Beyond the positives of keeping the team in Canada, it could be viewed as a win-win for Wilby. Assuming he can settle the debts and catch up to the payments that Argyle fell behind on, he would have an established brand on his hands. If he can guide Toronto to sustained Super League success, he could conceivably flip the Wolfpack, and revisit the New York project.
‘Our obvious passion is that it remains in Toronto,’ Hunter said. “I would say that they’re (the US group) leading the race at the moment, but we haven’t counted the other contingents out until we see the proper documentation and paperwork that we need to say ‘OK let’s talk about signing a deal.’ We’re close on that.”
‘I feel for David,’ Hunter continued. ‘His heart and soul went into this thing along with a lot of money, and unfortunately the final nail in the coffin was Covid. We were quite confident we were going to come through this year, we were going to lose money, for sure, but we had a strong sales and marketing plan in place, Sonny Bill was going to turn the tide on a bunch of new revenues, so we were very bullish on 2020. Covid just took the heart right out of it.’

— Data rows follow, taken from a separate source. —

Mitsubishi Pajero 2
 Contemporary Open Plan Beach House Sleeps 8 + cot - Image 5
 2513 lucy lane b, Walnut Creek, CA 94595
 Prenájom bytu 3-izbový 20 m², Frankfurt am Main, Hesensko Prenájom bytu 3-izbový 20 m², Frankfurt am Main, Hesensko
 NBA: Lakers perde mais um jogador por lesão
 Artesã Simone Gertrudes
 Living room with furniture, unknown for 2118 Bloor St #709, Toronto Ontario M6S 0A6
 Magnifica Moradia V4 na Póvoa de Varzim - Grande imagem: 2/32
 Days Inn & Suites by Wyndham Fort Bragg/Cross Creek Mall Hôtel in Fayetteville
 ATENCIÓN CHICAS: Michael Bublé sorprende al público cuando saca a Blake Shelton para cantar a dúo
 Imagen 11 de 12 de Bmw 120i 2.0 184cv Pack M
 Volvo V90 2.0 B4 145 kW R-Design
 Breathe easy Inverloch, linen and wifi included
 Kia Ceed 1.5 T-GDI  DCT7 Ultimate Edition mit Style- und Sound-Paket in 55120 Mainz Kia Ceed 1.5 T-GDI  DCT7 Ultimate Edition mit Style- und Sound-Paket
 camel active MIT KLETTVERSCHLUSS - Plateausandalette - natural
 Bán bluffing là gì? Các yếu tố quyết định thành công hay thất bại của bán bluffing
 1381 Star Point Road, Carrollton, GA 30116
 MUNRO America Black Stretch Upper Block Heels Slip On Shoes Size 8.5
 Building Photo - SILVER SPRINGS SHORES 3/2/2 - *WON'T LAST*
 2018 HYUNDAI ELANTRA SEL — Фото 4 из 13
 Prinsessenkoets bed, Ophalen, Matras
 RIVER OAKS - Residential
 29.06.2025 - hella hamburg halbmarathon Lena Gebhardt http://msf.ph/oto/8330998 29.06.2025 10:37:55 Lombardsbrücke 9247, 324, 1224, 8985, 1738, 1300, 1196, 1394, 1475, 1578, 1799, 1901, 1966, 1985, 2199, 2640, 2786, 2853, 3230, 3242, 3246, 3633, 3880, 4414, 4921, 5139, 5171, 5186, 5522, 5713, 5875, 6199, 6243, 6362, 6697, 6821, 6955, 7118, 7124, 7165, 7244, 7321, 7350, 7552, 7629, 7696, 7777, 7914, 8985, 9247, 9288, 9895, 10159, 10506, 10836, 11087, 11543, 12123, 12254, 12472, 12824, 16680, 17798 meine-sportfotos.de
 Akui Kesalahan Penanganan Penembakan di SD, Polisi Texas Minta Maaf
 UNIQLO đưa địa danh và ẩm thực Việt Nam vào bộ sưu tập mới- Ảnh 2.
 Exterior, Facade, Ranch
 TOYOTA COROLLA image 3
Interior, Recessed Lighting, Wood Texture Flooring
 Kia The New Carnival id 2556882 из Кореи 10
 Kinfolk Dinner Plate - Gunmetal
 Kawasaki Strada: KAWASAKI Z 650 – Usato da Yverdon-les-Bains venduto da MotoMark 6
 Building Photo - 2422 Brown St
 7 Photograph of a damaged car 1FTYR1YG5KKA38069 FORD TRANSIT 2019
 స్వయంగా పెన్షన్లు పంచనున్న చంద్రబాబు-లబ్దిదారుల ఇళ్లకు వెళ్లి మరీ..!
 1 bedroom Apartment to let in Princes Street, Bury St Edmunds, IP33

There are still negotiations surrounding whether or not the Wolfpack will ever receive Central Funding. Hunter believes the other clubs would agree that it’s essential to any club’s long term survival, but it could also become a sticking point with any new owners. Whether they go from zero to 100 next season or it’s gradually phased in, it is likely key to keeping the club in Canada.
Either way, within the next few days we should know whether someone is simply moving in and redecorating a bit, or tearing it all down.